• Supplied data:
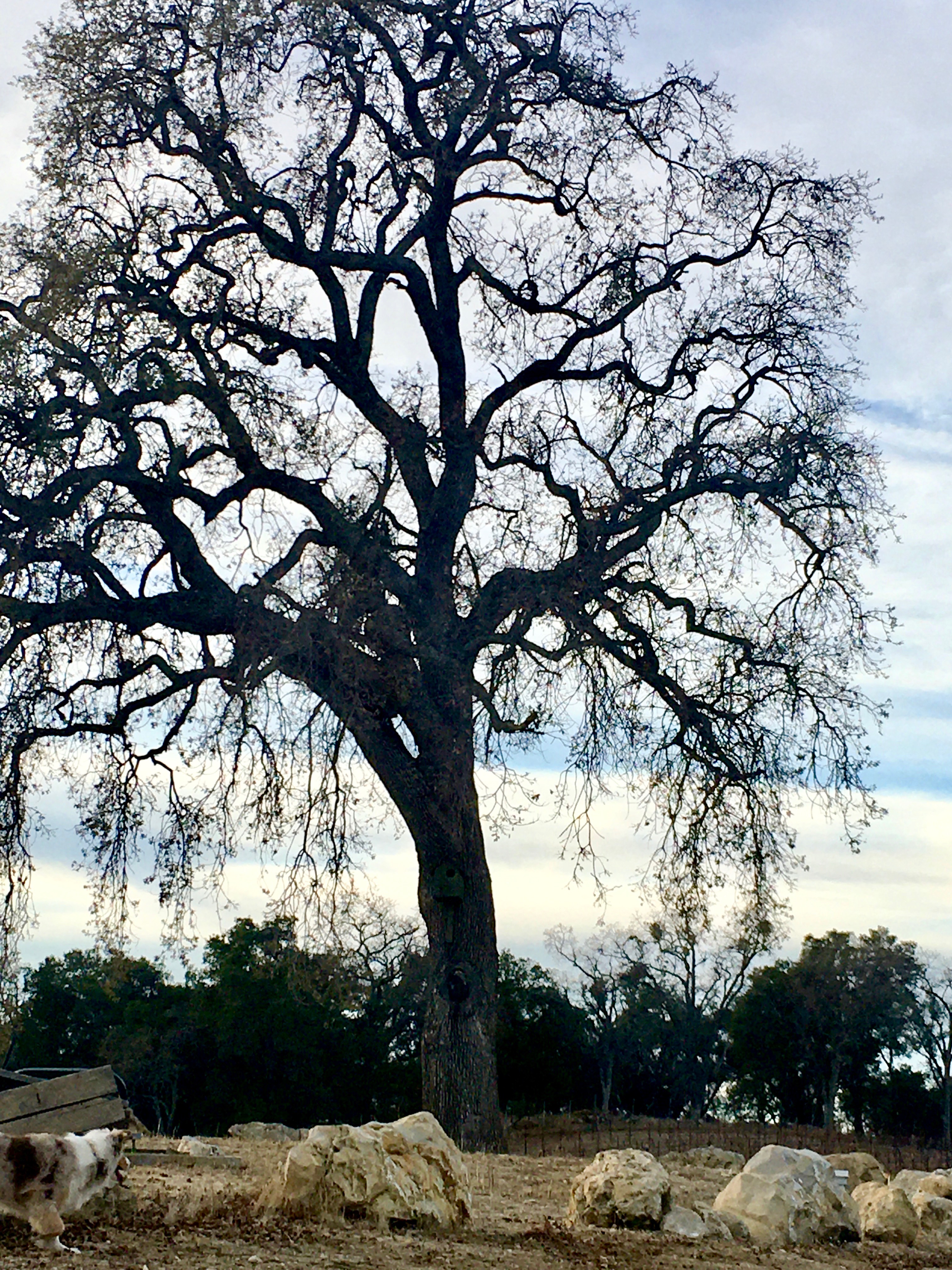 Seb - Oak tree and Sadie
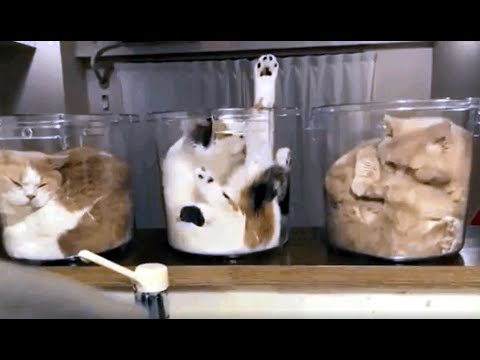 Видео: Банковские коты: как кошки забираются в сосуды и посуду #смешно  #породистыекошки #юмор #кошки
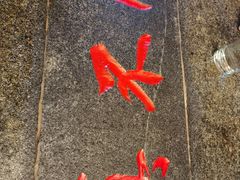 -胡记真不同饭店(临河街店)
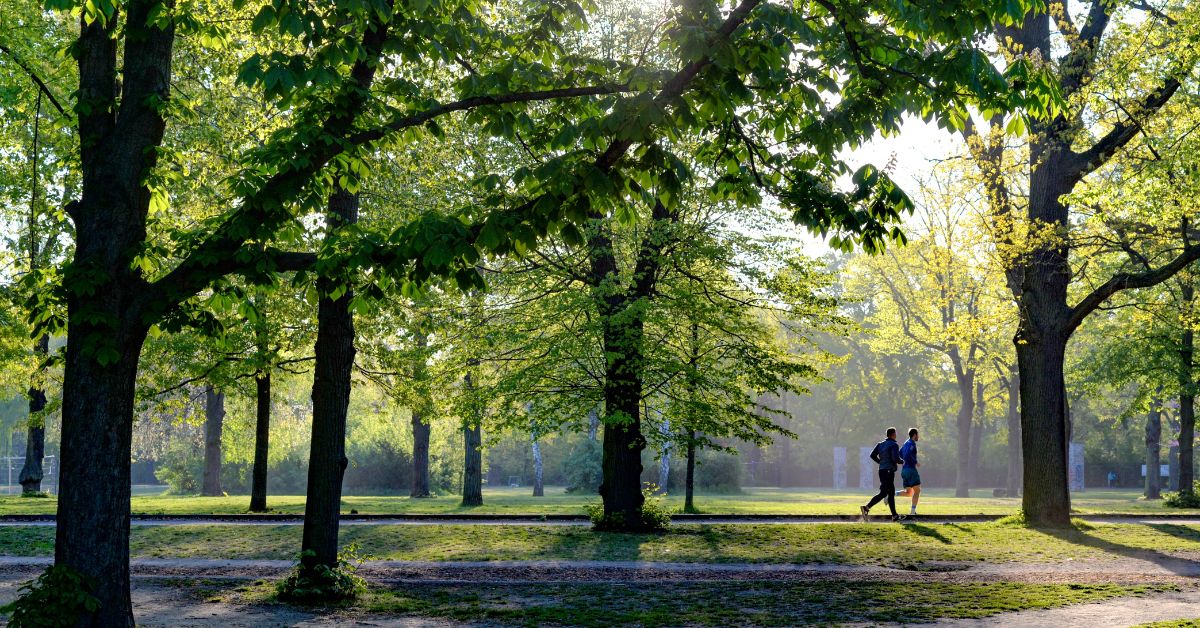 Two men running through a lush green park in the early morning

• What you are asked to do:
Could you copy the data above exactly, leaving the pictures out?

• Solution to this exercise:
 Seb - Oak tree and Sadie
 Видео: Банковские коты: как кошки забираются в сосуды и посуду #смешно  #породистыекошки #юмор #кошки
 -胡记真不同饭店(临河街店)
 Two men running through a lush green park in the early morning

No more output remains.